Фицдуэйн поднял бровь, потом задремал. Он надеялся, что ему еще суждено проснуться. Тридцать три тысячи футов над уровнем моря – это было намного ближе к небесам, чем ему бы хотелось, не говоря уж о том, что пилот, похоже, неплохо подготовился к загробной жизни и теперь вряд ли был так уж озабочен тем, чтобы доставить своих пассажиров на землю в целости и сохранности. Фицдуэйн часто летал на самолетах и не слишком любил это занятие. В Конго его сбили. Во Вьетнаме сбили. Побывав на многих фронтах, он привык к тому, что все так и норовят сбить побольше аэропланов, причем неважно, своих или чужих.
Когда “ВАС-111” пролетал над Бристольским заливом, Фицдуэйн проснулся и взглянул в иллюминатор. Крыло еще было на месте и вроде бы без свежих дырок, что слегка успокоило его. Затем в динамике раздался треск, и безжизненный голос объявил, что их скорость – пятьсот миль в час, а температура в Цюрихе составляет пять градусов по Цельсию. Фицдуэйн смежил глаза и заснул опять.
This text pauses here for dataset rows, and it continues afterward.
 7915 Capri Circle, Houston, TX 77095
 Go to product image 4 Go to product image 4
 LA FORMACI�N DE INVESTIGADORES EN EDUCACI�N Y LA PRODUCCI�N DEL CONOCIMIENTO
Человек, который вскоре должен был получить прозвище “Палач”, стоял обнаженный перед зеркалом и глядел на свое отражение. Его лицо и тело выше пояса были выпачканы подсыхающей кровью. Волосы на груди и лобке спутались и тоже были липкими от крови. После секса и убийства, сопровождавшего оргазм, он заснул и проснулся только сейчас. В комнате стоял запах крови, семени, пота и – ему нравилось так думать – предсмертного страха их жертвы. Изувеченный труп все еще лежал в комнате – правда, его успели убрать в водонепроницаемый похоронный мешок и аккуратно задвинуть в угол.
Женщина – на сей раз именно она добивала жертву – лежала распростершись на кровати и крепко спала, вымотанная недавней оргией. Он знал, что этого удовлетворения ей хватит ненадолго.
Человек улыбнулся и отправился под душ. Опустив глаза, он смотрел, как бегущие по его телу струйки смывают последние следы жизни мальчишки на фарфоровое дно ванны, а потом уносят их сквозь сливную решетку дальше, в канализационные трубы города Берна. Аминь красавчику Клаусу.